Ferreira Gullar - Muitas vozes

Veja-se a beleza metapoética destes versos de Gullar, a celebrar a riqueza caleidoscópica e a dimensão multivocal que a expressão poética pode alcançar, quando consegue ter acesso às camadas mais profundas do ser. É quando, então, o poema se torna um “tumulto”, um clamor ressonante e polifônico, uma verdadeira colmeia de significados plurais, testemunhos, experiências compartilhadas e ecos de outras vidas.

 

Não sem motivos, Eucanaã Ferraz – o antologista da coletânea “Veneno Antimonotonia”, de onde o poema foi transcrito (v. referência) – inseriu-o na seção “Todos os ritmos por dentro” do livro.
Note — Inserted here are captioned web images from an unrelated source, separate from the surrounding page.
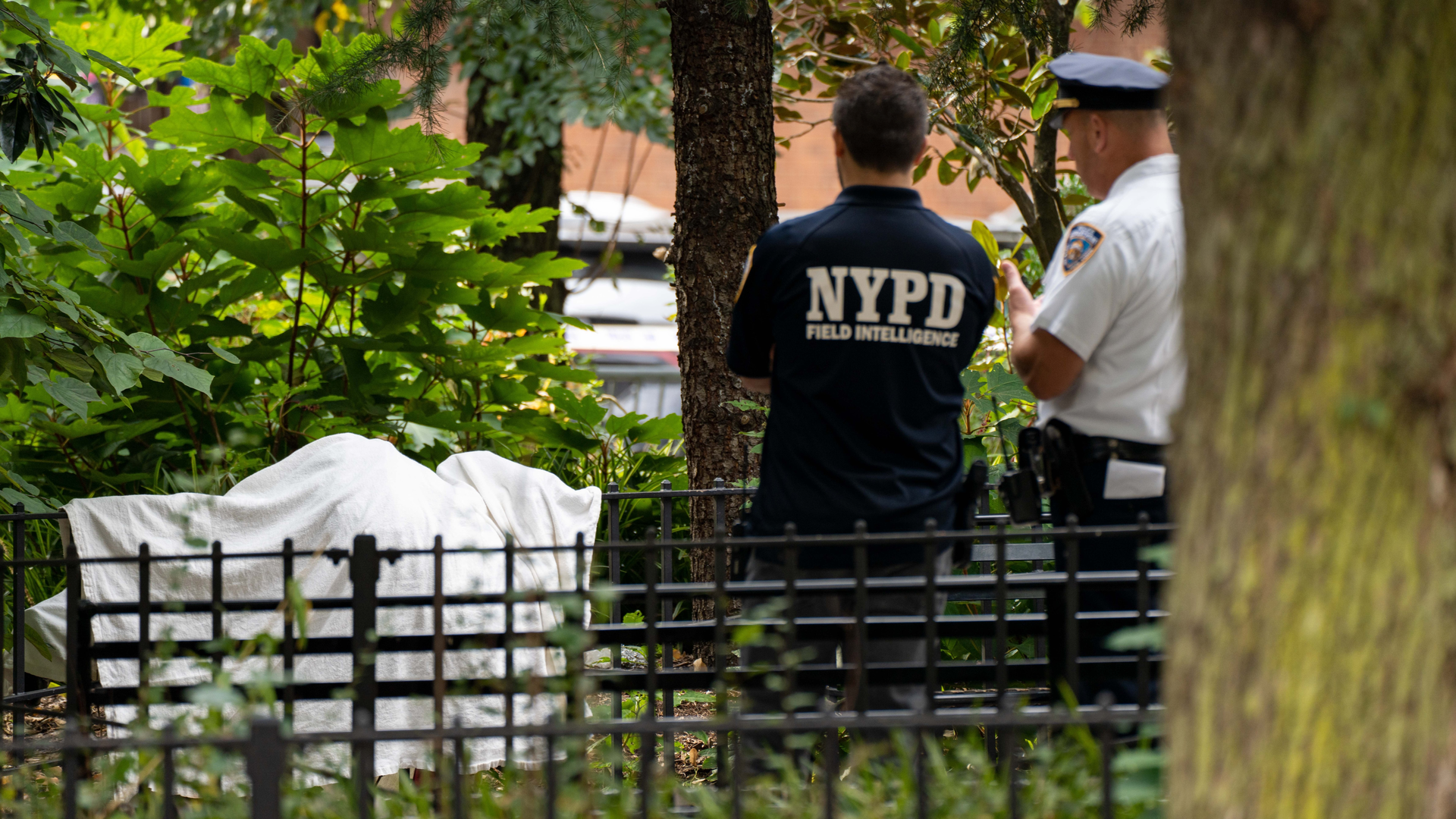 Man Found Dead Outside NYPD Headquarters | Officer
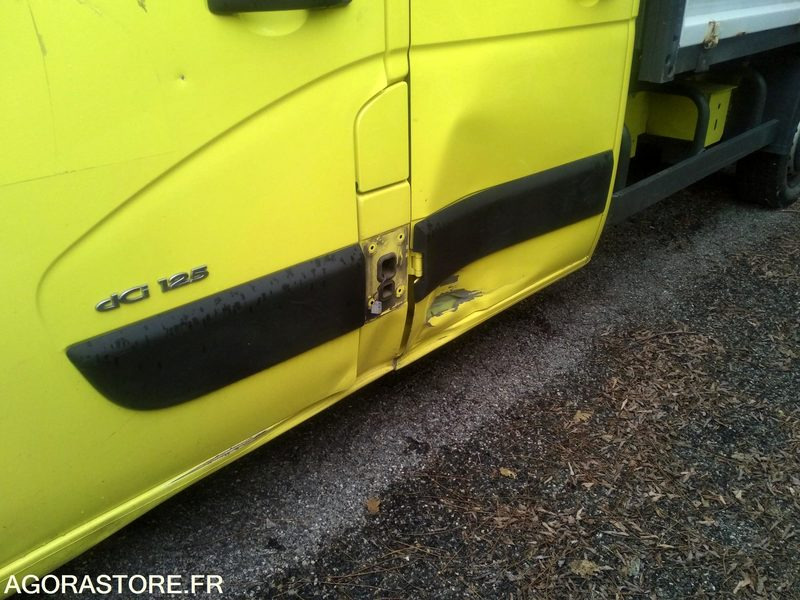 Renault Master III Confort L3H1 DCI125 - 2012 - 211320 KM - Van: picture 4 Renault Master III Confort L3H1 DCI125 - 2012 - 211320 KM - Van: picture 4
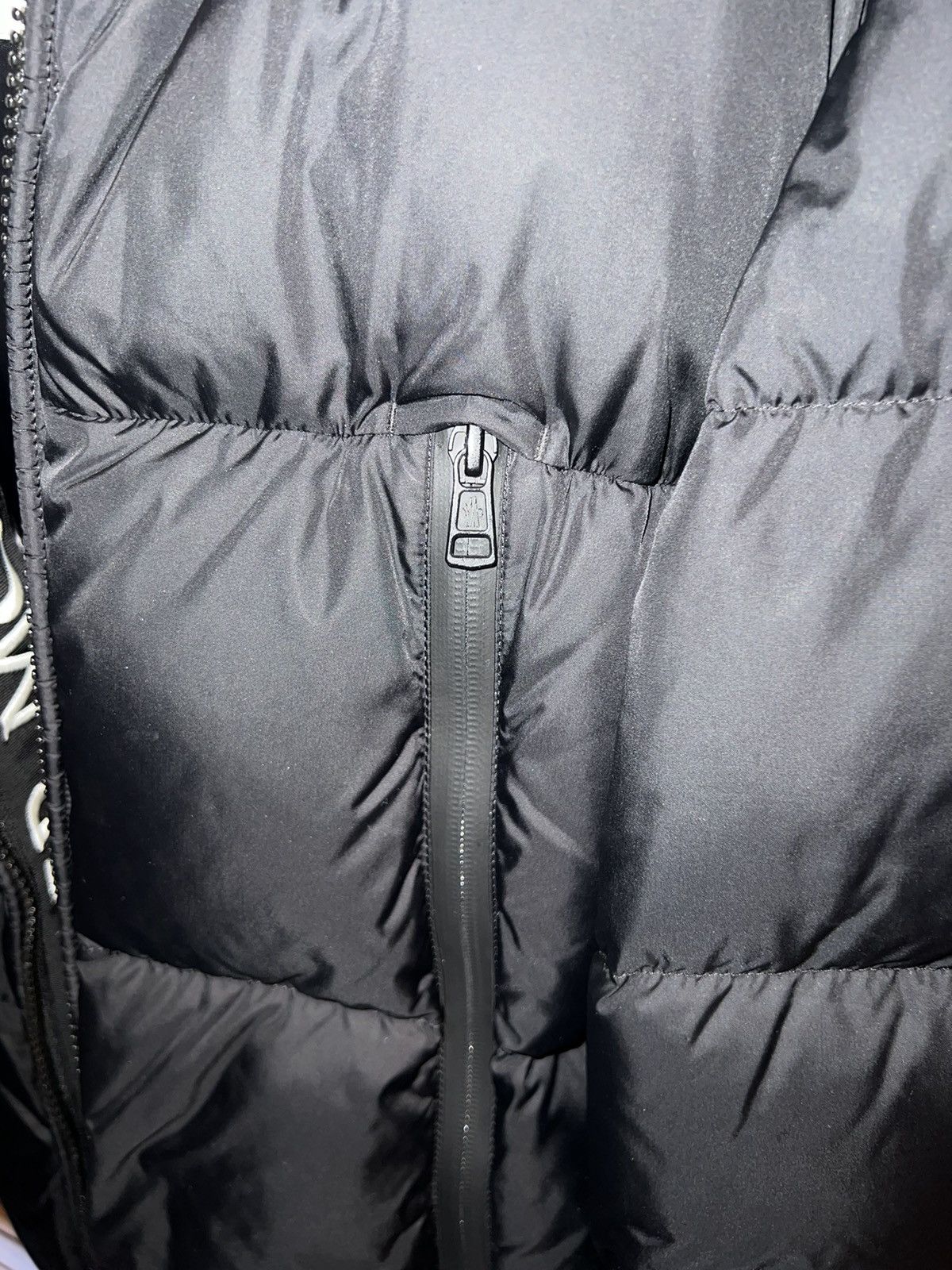 Moncler Moncler Men's Montcla Logo-Hood Puffer Jacket Size US L / EU 52-54 / 3 - 4 Thumbnail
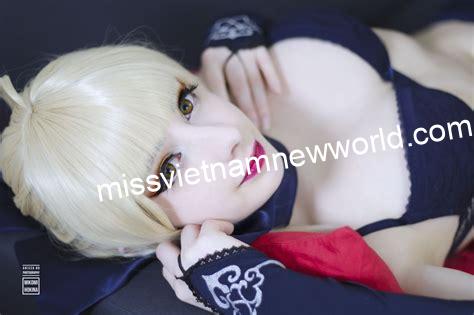 mikomi-hokina-cosplay-saber-alter-lingerie (11)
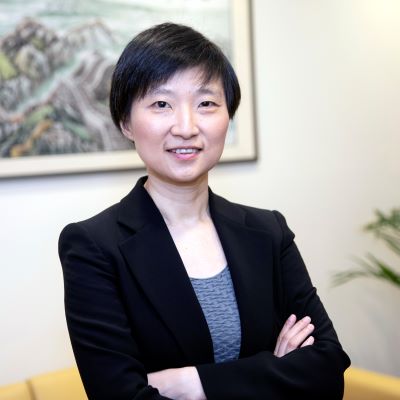 Xiaowei Zhuang headshot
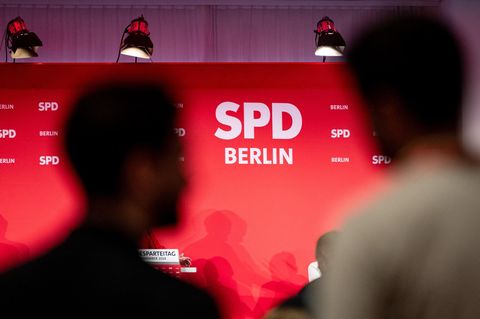 Krankgeschrieben im Wahlkampf: Kandidatin bleibt stur &ndash; trotz Druck aus der SPD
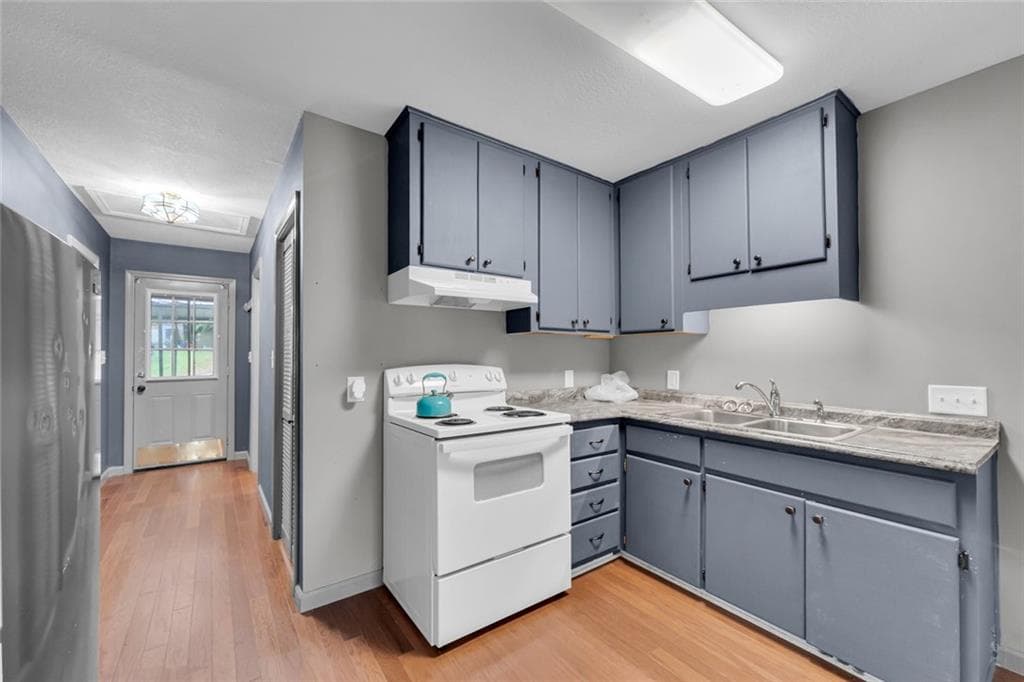 2 bedroom, 1 bathroom, 770 sq ft single family residence for sale at 393 N Red Rock Road, Toccoa, GA 30577 — photo 3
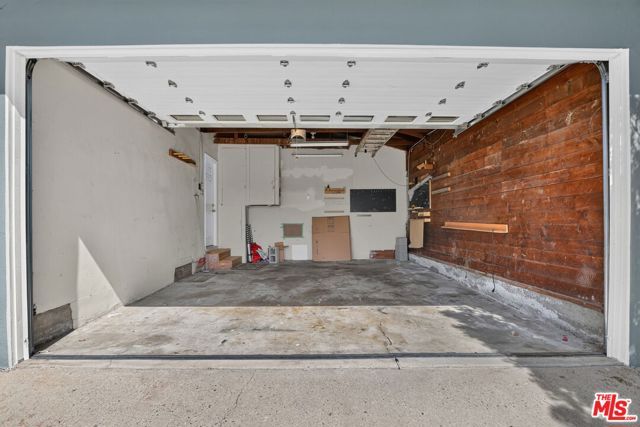 5551 Arch Crest Drive, Los Angeles, CA 90043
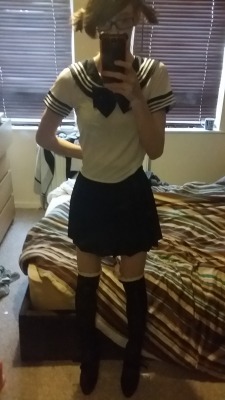 jammy-cat:  im back, kinda XD i got a new Japanese school girl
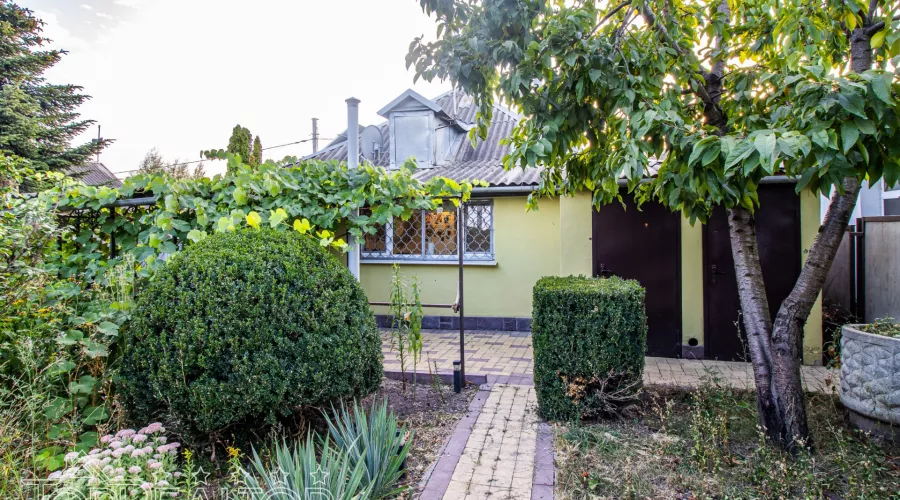 У продажі будинок з сонячними панелями на Олексіївці! | Toprealtor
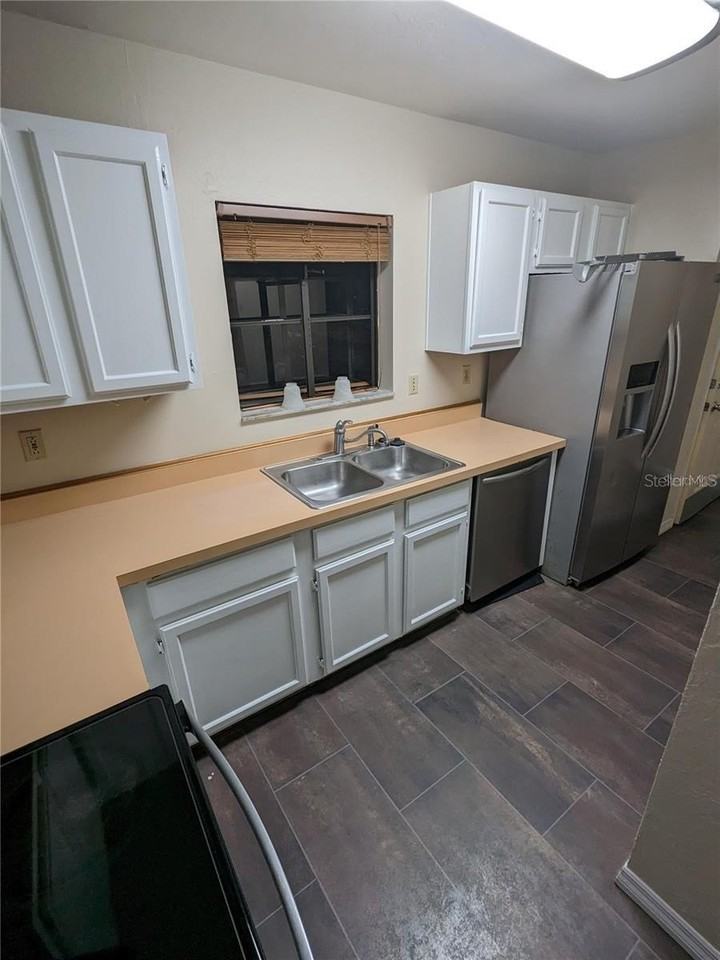 4317 Sw 69th Ter - Photo 2 of 23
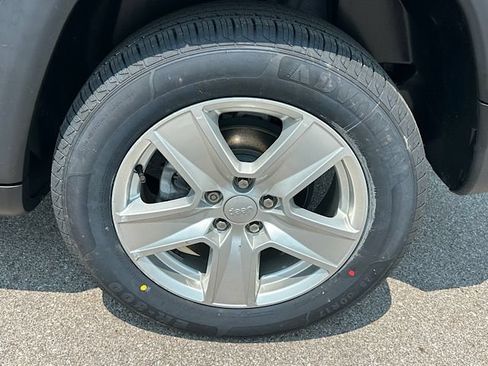 Used 2022 Jeep Compass Latitude AWD/4WD image 30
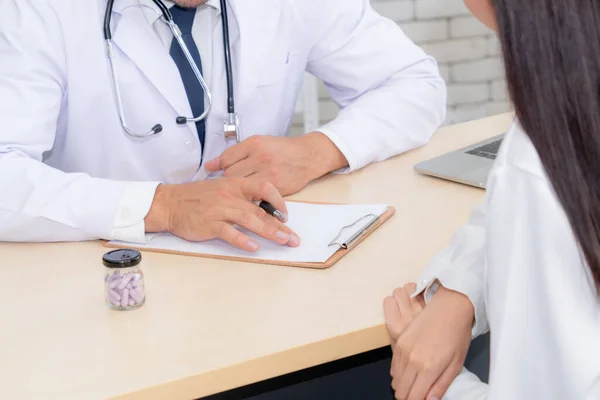 Médico Uniforme Profesional Examinando Paciente Hospital Clínica Médica Concepto Servicio — Foto de Stock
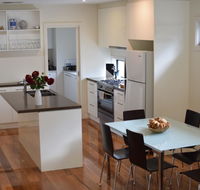 Champagne Stays Apartment - Accommodation Brisbane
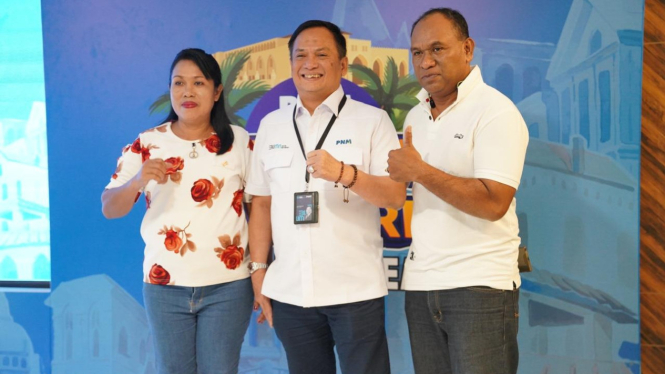 Melalui grup lending PNM Mekaar tercatat membina lebih dari 15,2 juta nasabah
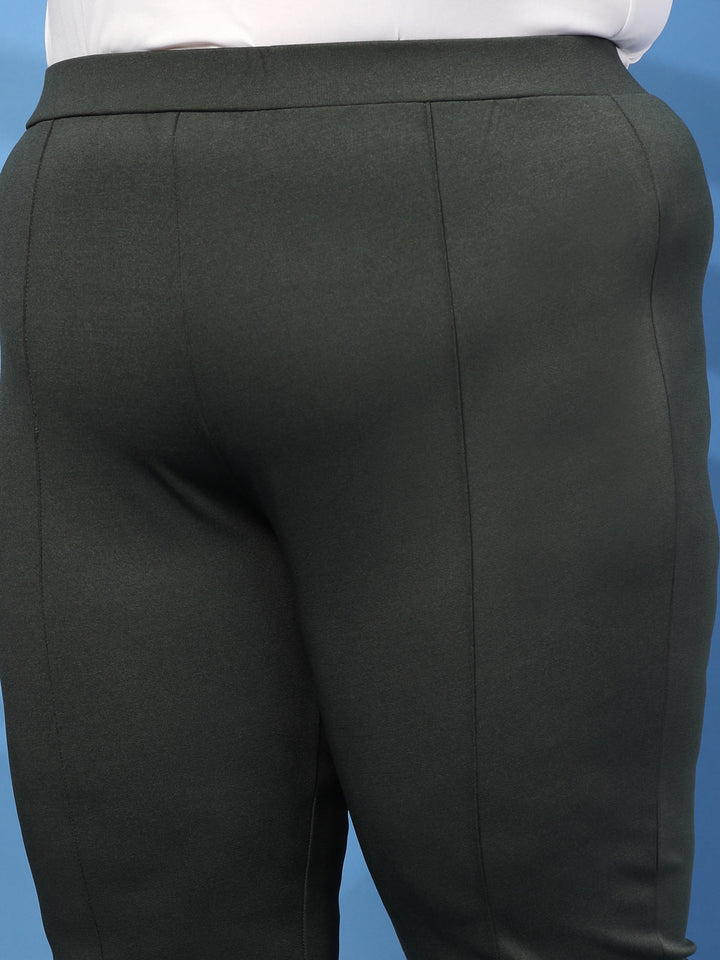 Plus Size Slim Fit Slip-On Jeggings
Afinal, de que tratam estes versos senão do poder que tem a linguagem poética para convocar e reanimar todas aquelas “vozes” interiores que guardamos no fundo d’alma – os mínimos rumores da natureza, os sabores, os aromas, as cenas condensadas na memória?!

 

Não foi dessa matéria que o romancista francês Marcel Proust (1871-1922) erigiu uma das mais famosas séries romanescas da literatura, em sete volumes, a saber, “Em busca do tempo perdido” (“À la recherche du temps perdu”)?! Não nos esqueçamos: a monumental obra se desencadeia a partir das memórias suscitadas pelo simples ato de molhar uma “madeleine” numa xícara de chá, produzindo efeitos de aroma e de sabor sobre o narrador Marcel!

 

J.A.R. – H.C.

 

Ferreira Gullar

(1930-2016)

 

Muitas vozes

 

Meu poema

é um tumulto:

a fala

que nele fala

outras vozes

arrasta em alarido.

 

(Estamos todos nós

cheios de vozes

que o mais das vezes

mal cabem em nossa voz

 

se dizes pera,

acende-se um clarão

um rastilho

de tardes e açúcares

ou

se azul disseres,

pode ser que se agite

o Egeu

em tuas glândulas)

 

A água que ouviste

num soneto de Rilke

os ínfimos

rumores no capim

o sabor

do hortelã

(essa alegria)

a boca fria

da moça

o maruim

na poça

a hemorragia

da manhã

 

tudo isso em ti

se deposita

e cala.

Até que de repente

um susto

ou uma ventania

(que o poema dispara)

chama

esses fosseis à fala.

 

Meu poema

é um tumulto, um alarido:

basta apurar o ouvido.

 

Em: “Muitas vozes” (1999)

 

Muitas vozes

(Friedel Dzubas: pintor germano-americano)

 

Referência:

 

GULLAR, Ferreira. Muitas vozes. In: FERRAZ, Eucanaã (Organização e Prefácio). Veneno antimonotonia: os melhores poemas e canções contra o tédio. Rio de Janeiro, RJ: Objetiva, 2005. p. 176-177.